Over the last decade of his life, Knyazhnin turned out numerous works of note. They included three “serious” works, The Mercy of Titus (1778), Sofonisba (1786), and Vladisan (1786), and numerous light works – either comedies or comic operas – The Miser (1782?, music by Vasily Pashkevich), The Fisherman and the Spirit (1781), The Braggart (1784/5), The Honey-Mead Maker (1783), The Failed Mediator (?), Odd Fellows (1790), Mourning, or The Widow Consoled (?), and The Woman who Faked Insanity (?).
Knyazhnin, labeled as a Russian classicist, had the reputation of writing works on patriotic themes while remaining a bit of a freethinker. This became particularly apparent in his last work, the tragedy Vadim of Novgorod (1788/9), in which his sympathies lay not with the ruler Ryurik, but with the rebel Vadim. The play is sprinkled with attacks on the notion of tyranny and tyrants, which could not possibly have pleased Catherine. Understanding this well, Knyazhnin originally gave Vadim of Novgorod to a theater for staging, but changed his mind and stopped the production. When it was published after his death, Catherine had the copies hunted down and destroyed. Fortunately, she could not get to all of them, and the play text, like most of what he wrote, has come down to us.

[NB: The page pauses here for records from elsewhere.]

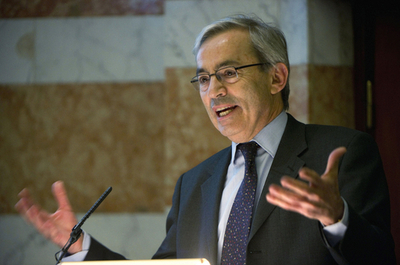 失業長期化防ぐには「手当は最長1年に」、ノーベル経済学賞教授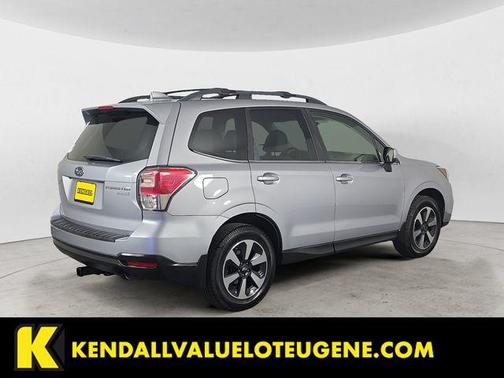 Ice Silver Metallic 2017 Subaru Forester 2.5i Limited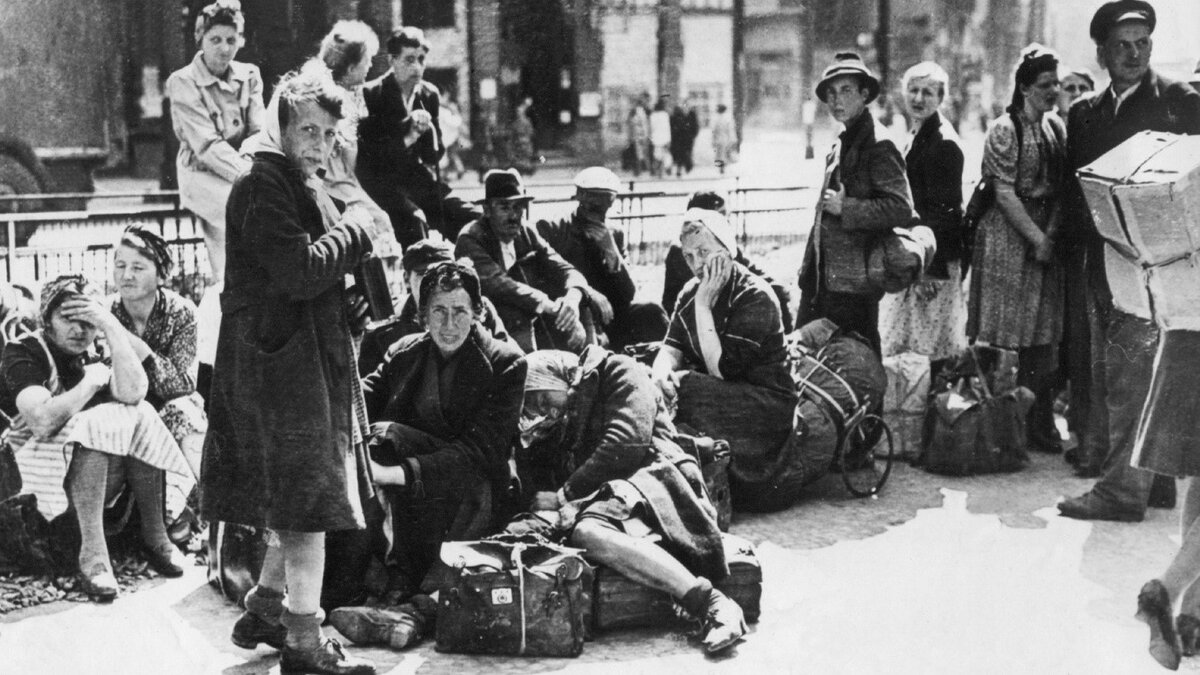 После Второй Мировой войны Германия оказалась разделена на оккупационные зоны, и жизнь в них несколько различалась.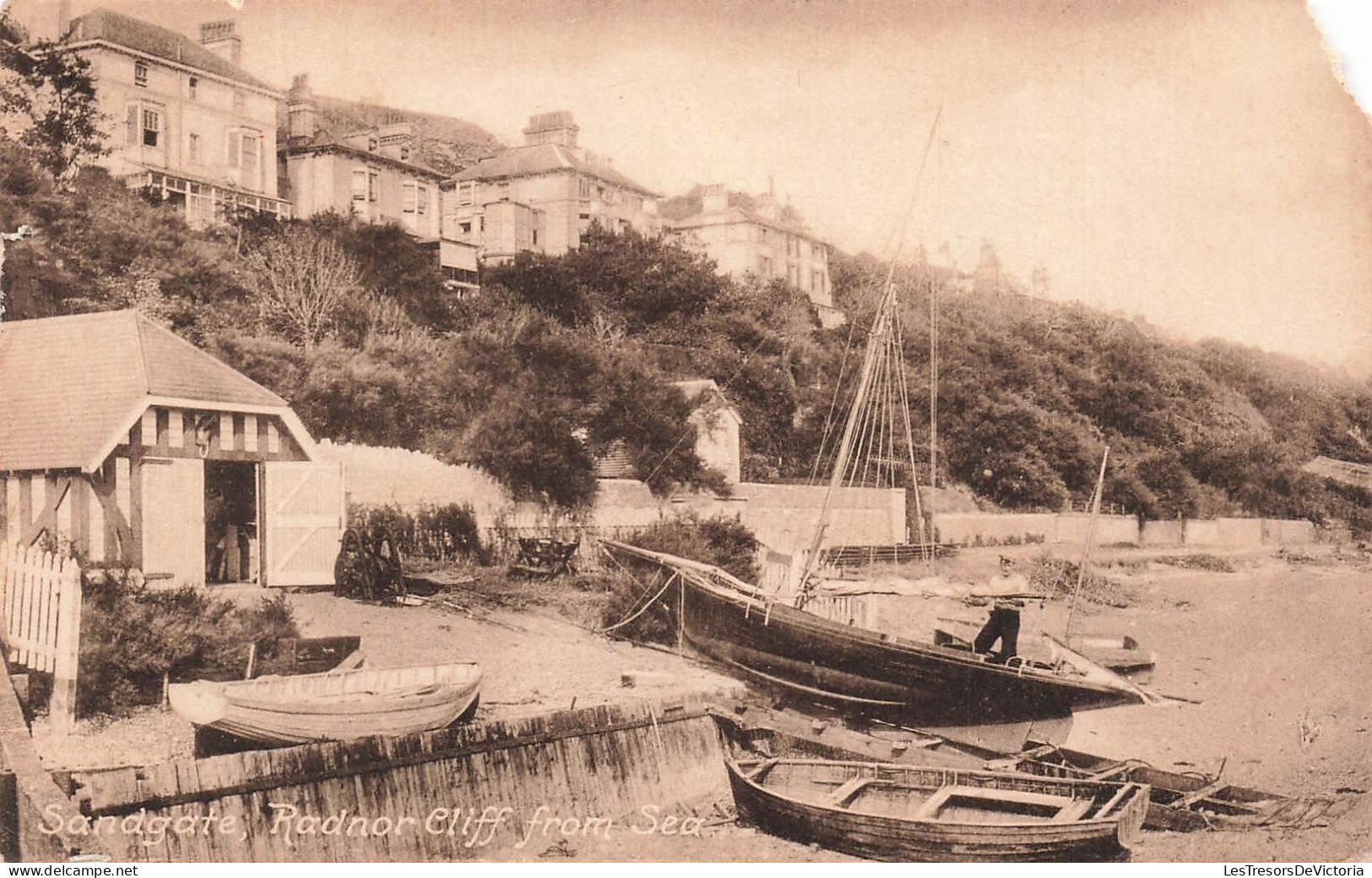 ROYAUME-UNI - Sandgate Radnor Cliff From Sea - Vue Sur La Plage - Des Bateaux - Carte Postale Ancienne - Folkestone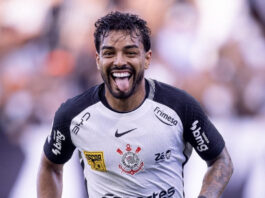 Corinthians vence, foge do Z4, chega a 6 jogos sem levar gol e vê show de Raniele. Valeu, Vasco!
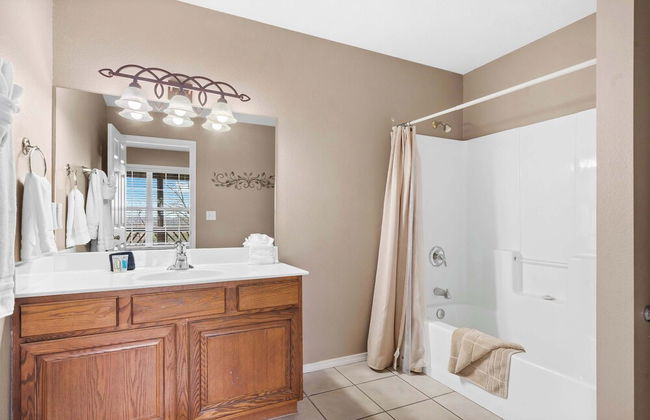 The Greenview Manor - Lake Views - Photo 16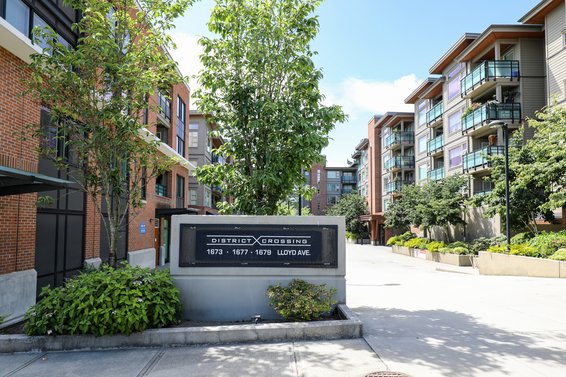 District Crossing, 1673 Lloyd | Condos For Sale + New Listing Alerts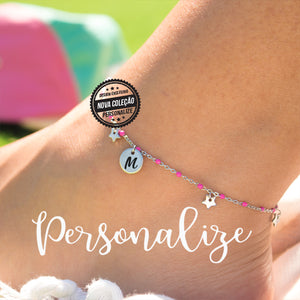 Pulseira de pé colorida com estrelinhas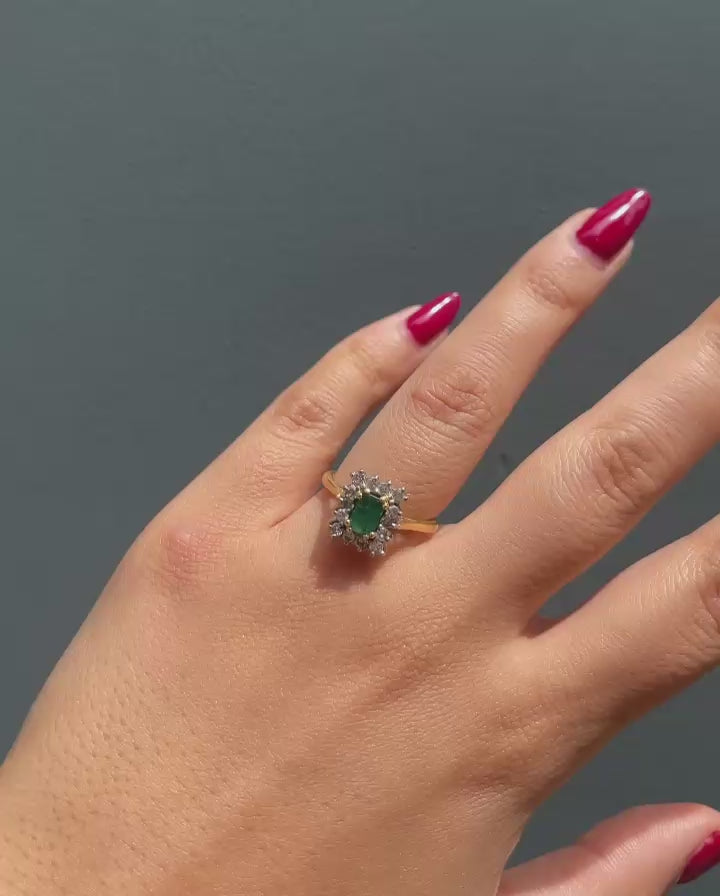 Bague Marguerite Émeraude 0.50 carat et Diamants &quot;Briara&quot;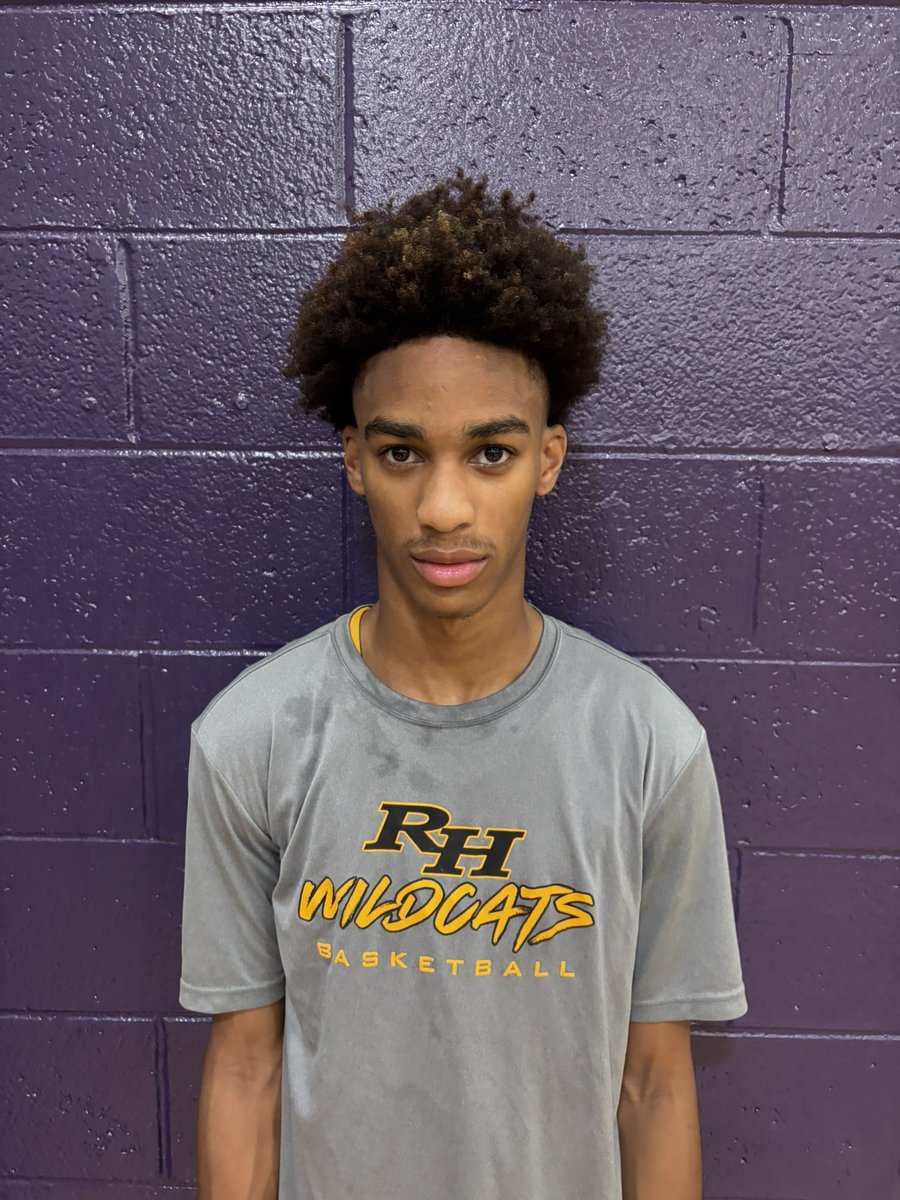 swish_scout's tweet photo. A solid end to the weekend for @RHHSBasketball_ as they go 3-1 behind a pair of 2027 guys with some good size and length in @Alonzo12miller and @MarkiBooneJr who were problems all weekend https://t.co/jJNQQyEwD5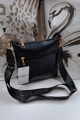 Dámska crossbody kabelka čierna so zlatými doplnkami.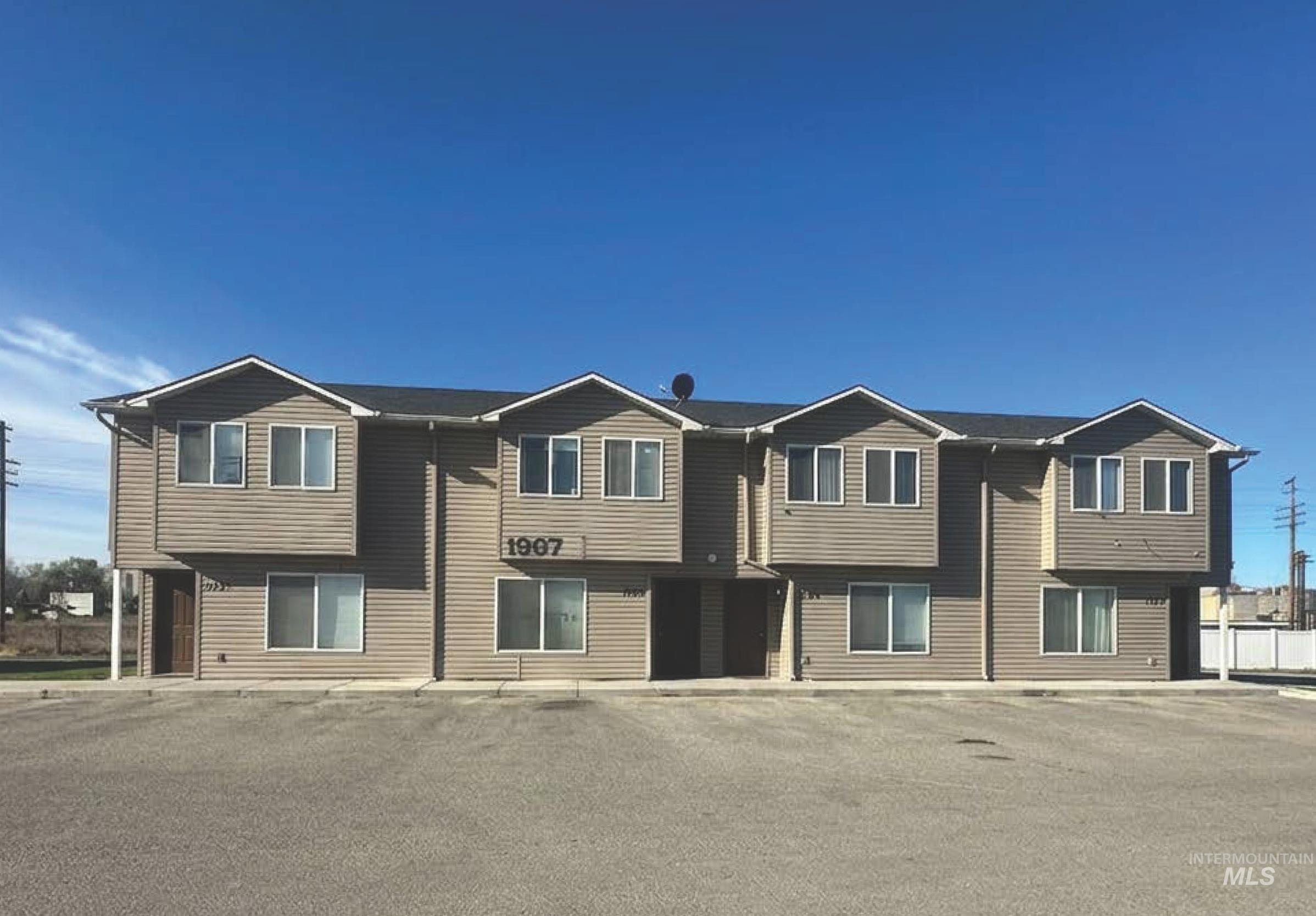 1907 E Railroad Street, Nampa ID 83687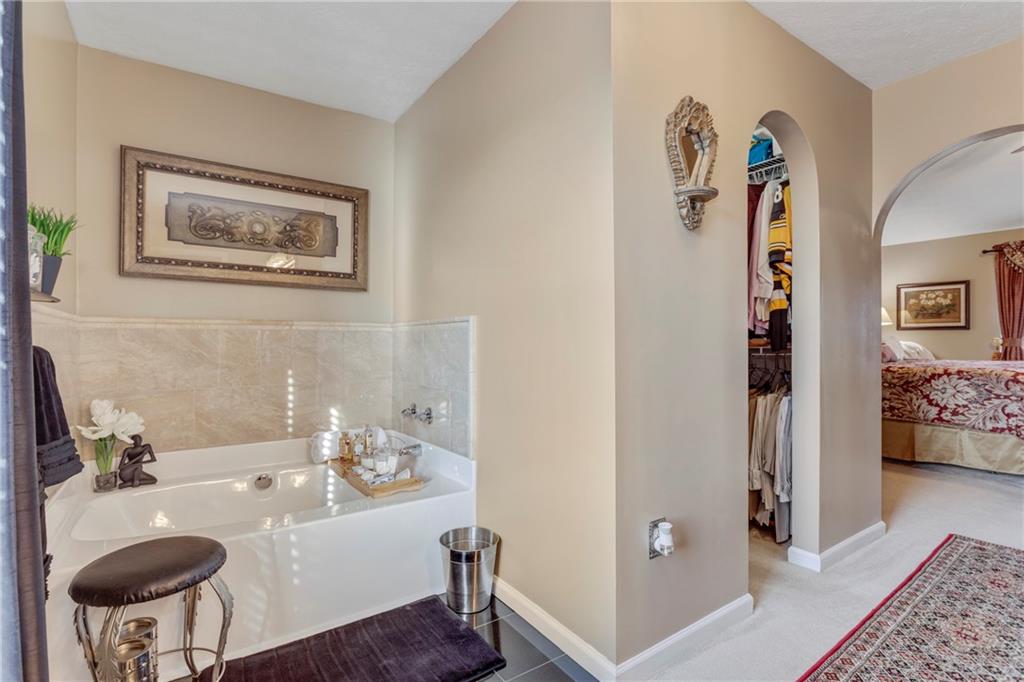 137 Cedar Ridge Drive Monaca, PA 15061 - Photo 15 of 25 Gallery Image 15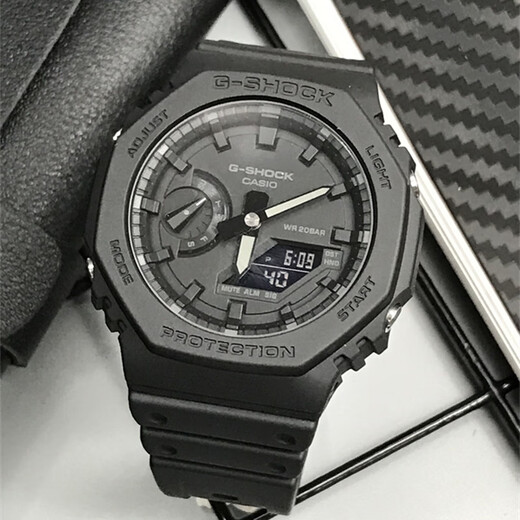 Casio (Casio) Octogonal Black Warrior GSHO Farmhouse Oak Carbon Fiber Watch GA21001A12110et GA-2100-4 [Rojo chino] 45 mm que contiene películas que contiene películas
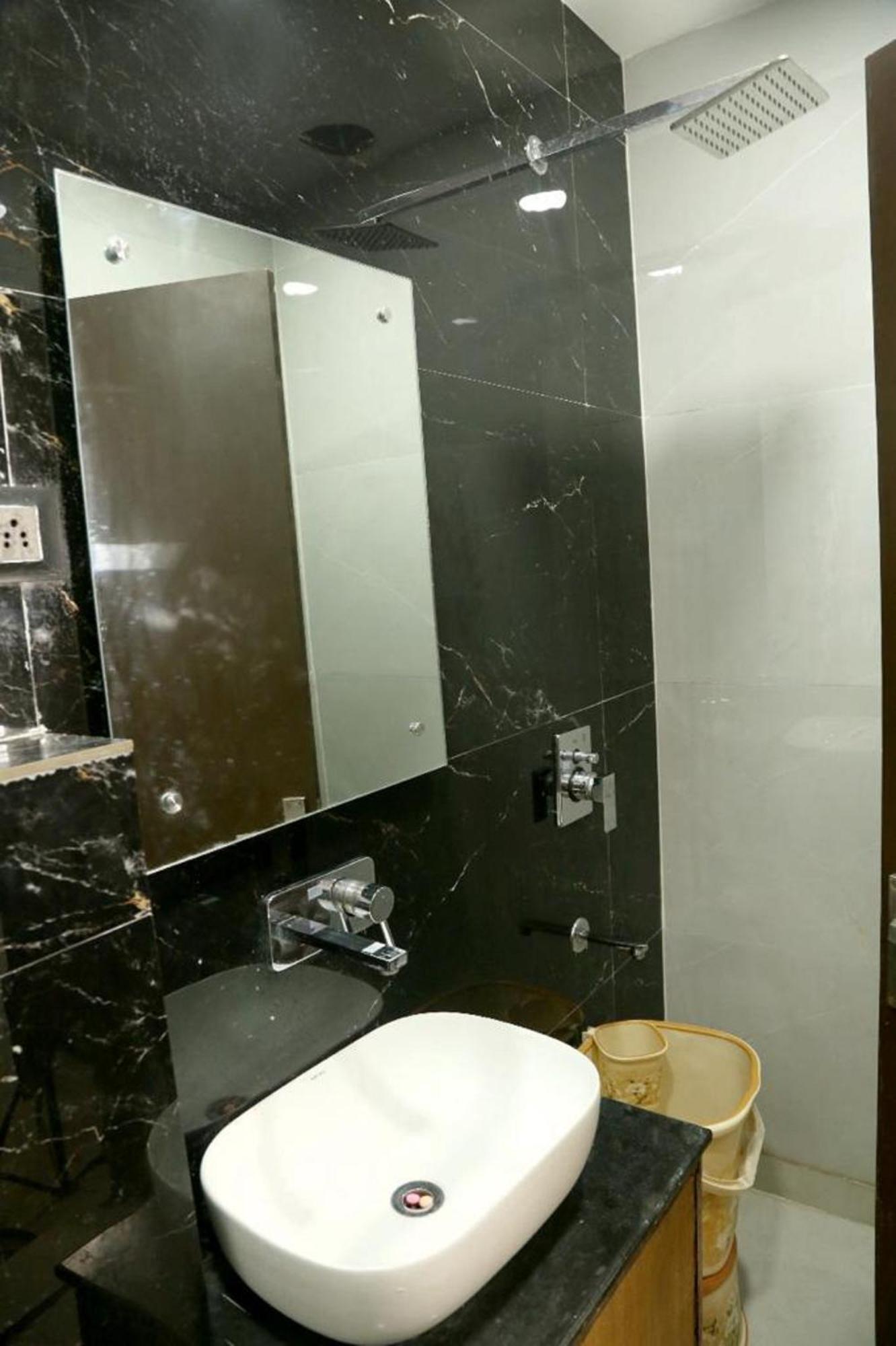 Bunk Hostel Delhi Best Backpacking Accommodation Yeni Delhi Dış mekan fotoğraf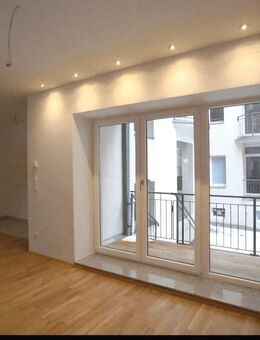 Waldstraße I 3 Zimmer I EG I Parkett I Balkon + Gartenoase I Traumlage I Solarthermie - Leipzig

One Russian source sums his work up this way: “One of Knyazhnin’s merits was that he developed what was, for his time, an excellent style, and, relative to Sumarokov, light, attractive versification. Knyazhnin, thanks to his translations, introduced the most relevant current works of Western literature into his cultural sphere. Additionally, his use of blank verse for the first time in Russian literature was innovative.